Lance Stroll miał dziś mniej szczęścia i przejechał tylko 27 okrążeń. Jego czas to 1:19.954, co jest jego najlepszym wynikiem podczas testów. Łącznie pokonał 343 kółka.
„To był ostatni dzień testów, a następny będzie dopiero w Australii. Dziś czułem się całkiem dobrze, myślę, że wykonaliśmy dobre przejazdy. Mamy pewne rzeczy i dane do rozwiązania przed Australią, ale czuję, że mamy całkiem dobry samochód” – zakończył Lance Stroll.
Robert Kubica przejechał podczas całych testów 122 okrążenia i był jednym z dwóch kierowców rezerwowych, którzy w ogóle pojechali w testach. Drugi z nich, Nikita Mazepin, jechał dla Force India pierwszego dnia i pokonał 22 okrążenia.

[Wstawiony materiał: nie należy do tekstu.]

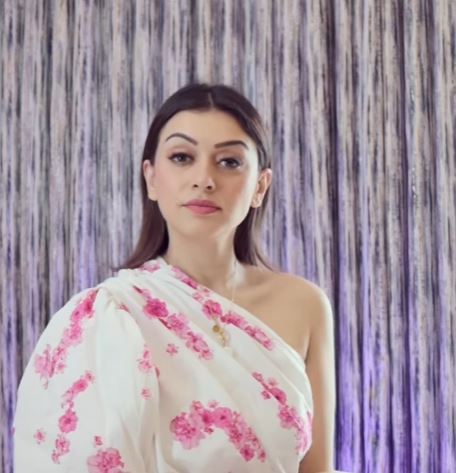 hansika motwani hot photos in glamour dress getting viral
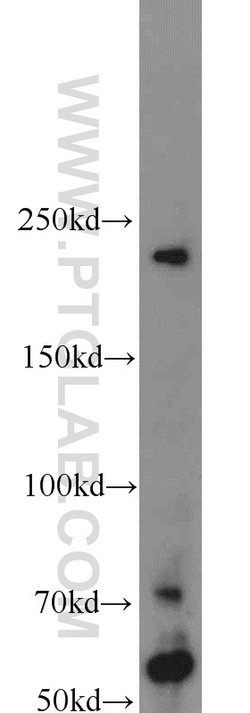 TUB Rabbit anti-Human, Mouse, Rat, Polyclonal, Proteintech 150 &mu;L; Unconjugated:Antibodies,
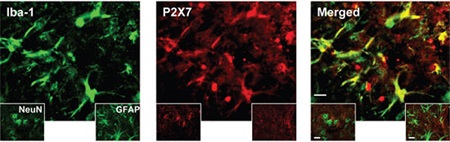 Anti-P2X7 Receptor-ATTO Fluor-550 Antibody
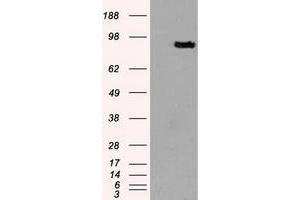 Western Blotting (WB) image for anti-Prominin 2 (PROM2) antibody (ABIN1500436) (Prominin 2 anticorps)
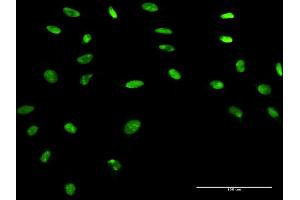 Immunofluorescence of purified MaxPab antibody to APEX1 on HeLa cell. (APEX1 抗体  (AA 1-318))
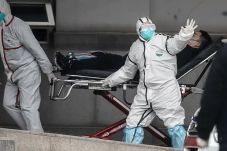 Jumlah Kasus Virus Wuhan...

Grand Prix Australii odbędzie się 23 marca.
Aktualizacja
Sergey Sirotkin jest wdzięczny Robertowi Kubicy za oddanie dzisiejszej sesji testowej.
„To było bardzo pomocne. Podziękowałem mu za to. Z całej naszej trójki do tej pory ja miałem najmniej szczęścia, by pojeździć. To było w porządku. Cieszę się, że mogłem nadrobić te straty i wreszcie przejechać wartościowe okrążenia” – powiedział Rosjanin w rozmowie ze sport.pl. Cały wywiad TUTAJ.
Aktualizacja 2
„Wykonaliśmy większą część planu. Na pewno jest trochę rzeczy do poprawy, uważam, że nasze zadanie nie będzie łatwe, ale w Formule 1 bardzo szybko rzeczy się zmieniają” – powiedział Robert Kubica dla Eleven Sports, podsumowując przedsezonowe testy.